> [TASK STATEMENT]: Please give the whole listing again word for word, and drop any pictures it holds.
━━━━━ RECORDED INFORMATION ━━━━━
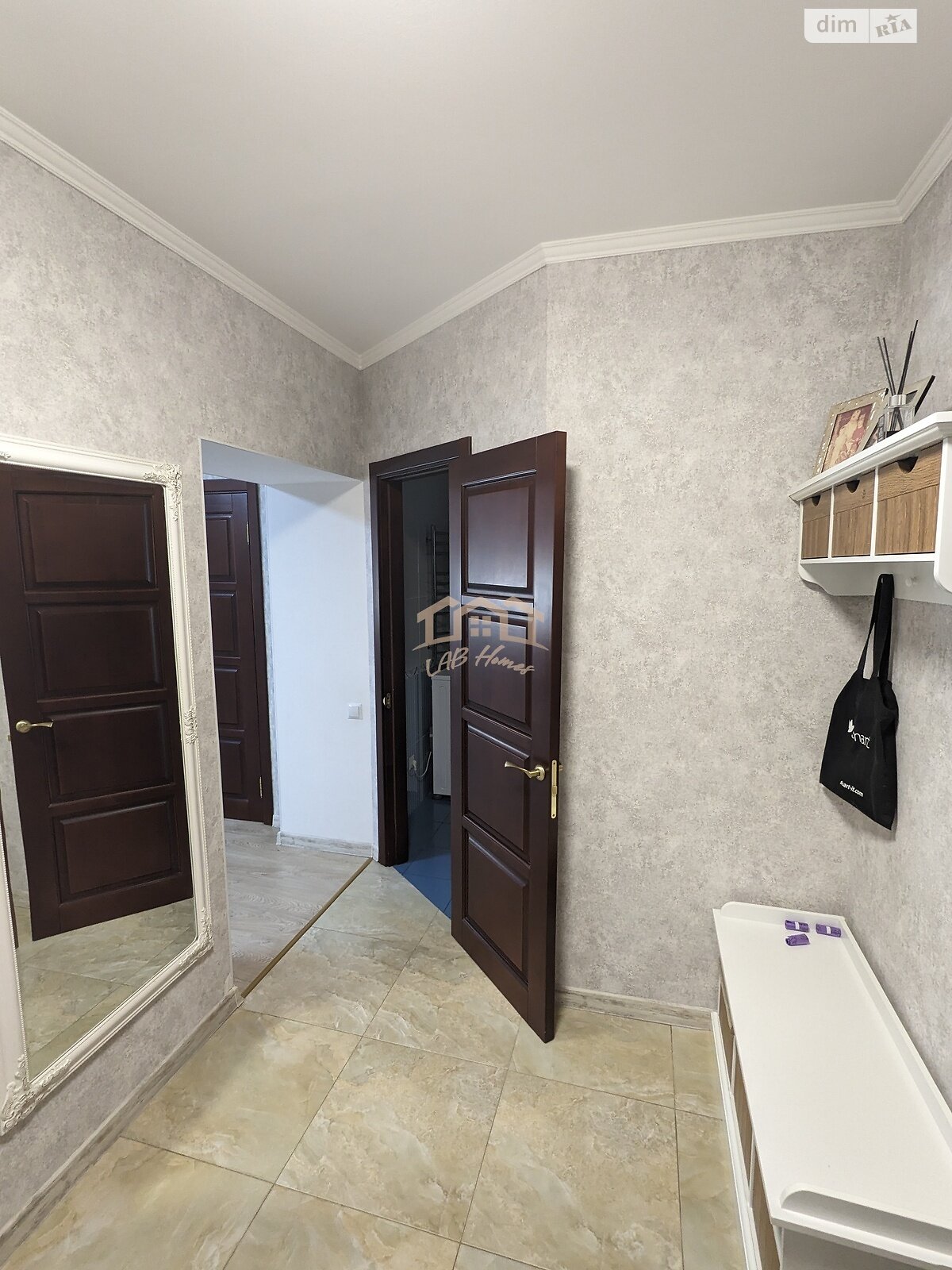 Продажа трехкомнатной квартиры в Чайках, на ул. Валерия Лобановского, фото 1 Продажа трехкомнатной квартиры в Чайках, на ул. Валерия Лобановского, фото 1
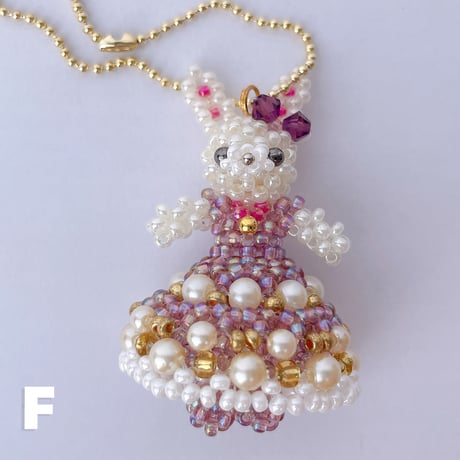《handmade》うさぎのビーズドール（ドレス）キーホルダー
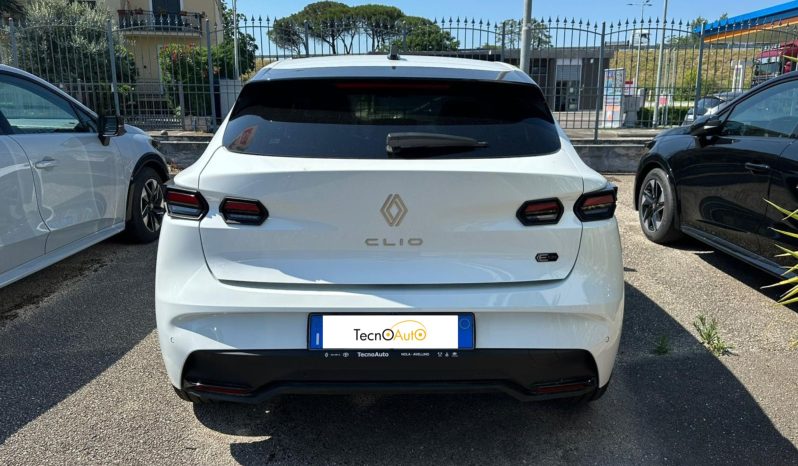 NUOVA RENAULT CLIO TECHNO FULL HYBRID BIANCO KM 0 NOLA AVELLINO pieno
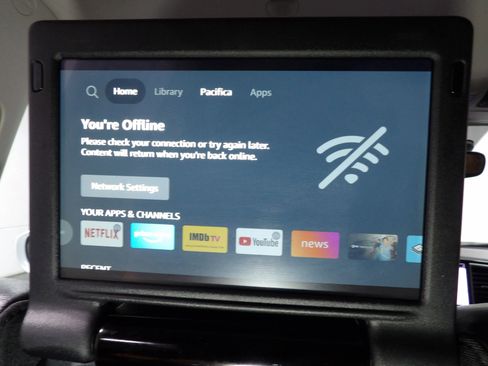 Used 2022 Chrysler Pacifica Touring-L w/ Uconnect Theater Family Group image 21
━━━━━
> [REPLY TO THE EXERCISE]:
 Продажа трехкомнатной квартиры в Чайках, на ул. Валерия Лобановского, фото 1 Продажа трехкомнатной квартиры в Чайках, на ул. Валерия Лобановского, фото 1
《handmade》うさぎのビーズドール（ドレス）キーホルダー
 NUOVA RENAULT CLIO TECHNO FULL HYBRID BIANCO KM 0 NOLA AVELLINO pieno
 Used 2022 Chrysler Pacifica Touring-L w/ Uconnect Theater Family Group image 21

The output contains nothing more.